Dataset records:

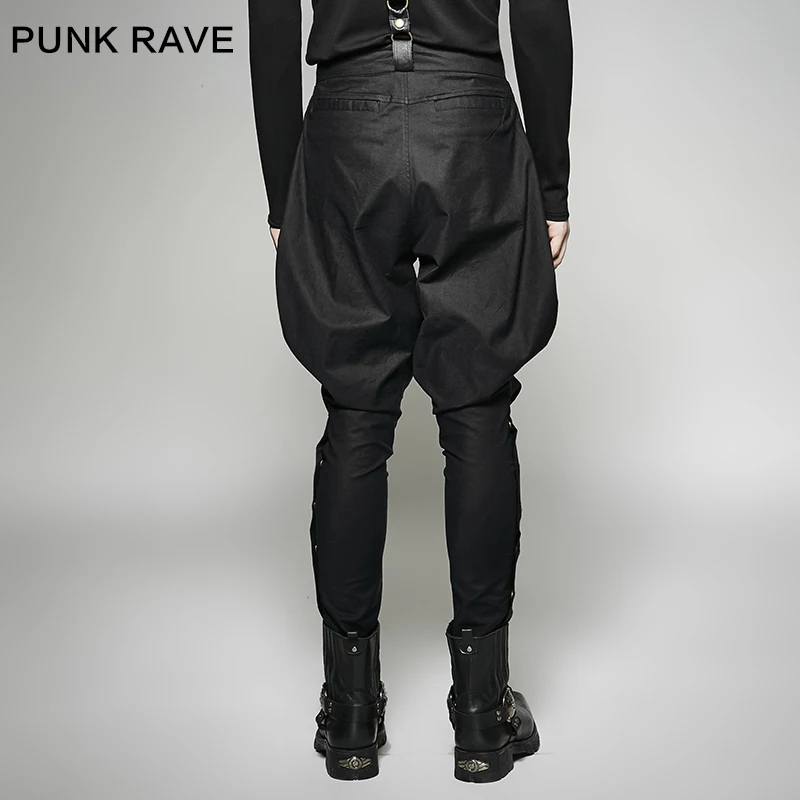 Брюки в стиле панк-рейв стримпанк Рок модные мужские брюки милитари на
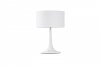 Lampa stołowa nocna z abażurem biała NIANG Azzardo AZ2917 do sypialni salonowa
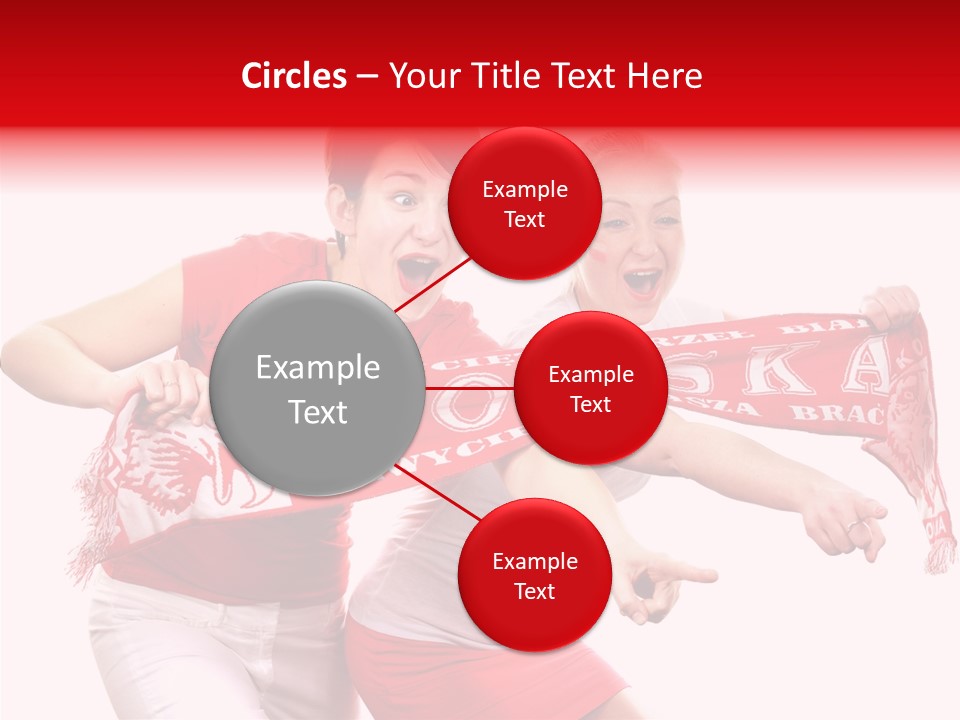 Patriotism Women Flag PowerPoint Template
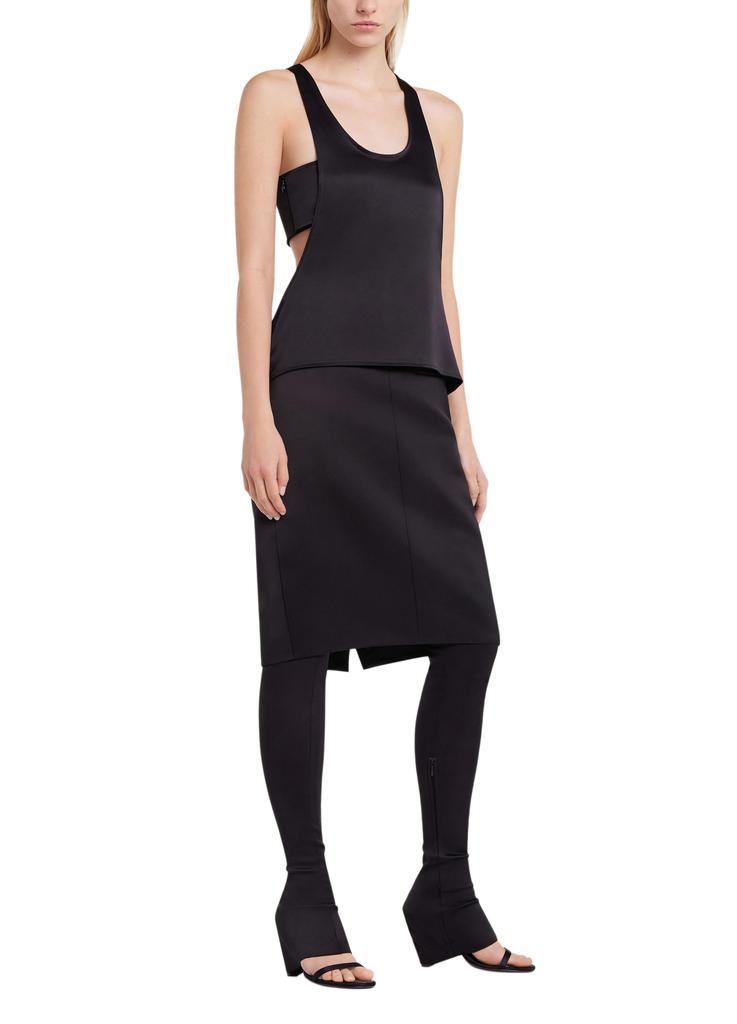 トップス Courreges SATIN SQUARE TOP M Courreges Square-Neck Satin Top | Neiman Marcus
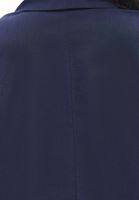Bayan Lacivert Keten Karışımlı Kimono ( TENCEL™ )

--

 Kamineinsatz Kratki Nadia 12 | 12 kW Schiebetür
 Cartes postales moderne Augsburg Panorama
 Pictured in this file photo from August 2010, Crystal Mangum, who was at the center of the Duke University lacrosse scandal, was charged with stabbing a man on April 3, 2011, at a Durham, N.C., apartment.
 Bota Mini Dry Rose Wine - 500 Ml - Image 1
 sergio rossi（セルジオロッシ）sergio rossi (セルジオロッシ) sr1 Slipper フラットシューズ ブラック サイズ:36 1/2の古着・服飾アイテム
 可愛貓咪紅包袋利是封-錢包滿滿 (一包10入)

Exercise goal: The response should be the listing above, limited to the lines between the one holding "sergio rossi（セルジオロッシ）sergio rossi" and the one holding "可愛貓咪紅包袋利是封-錢包滿滿 (一包10入)", inclusive, reproduced exactly.

Response:
 sergio rossi（セルジオロッシ）sergio rossi (セルジオロッシ) sr1 Slipper フラットシューズ ブラック サイズ:36 1/2の古着・服飾アイテム
 可愛貓咪紅包袋利是封-錢包滿滿 (一包10入)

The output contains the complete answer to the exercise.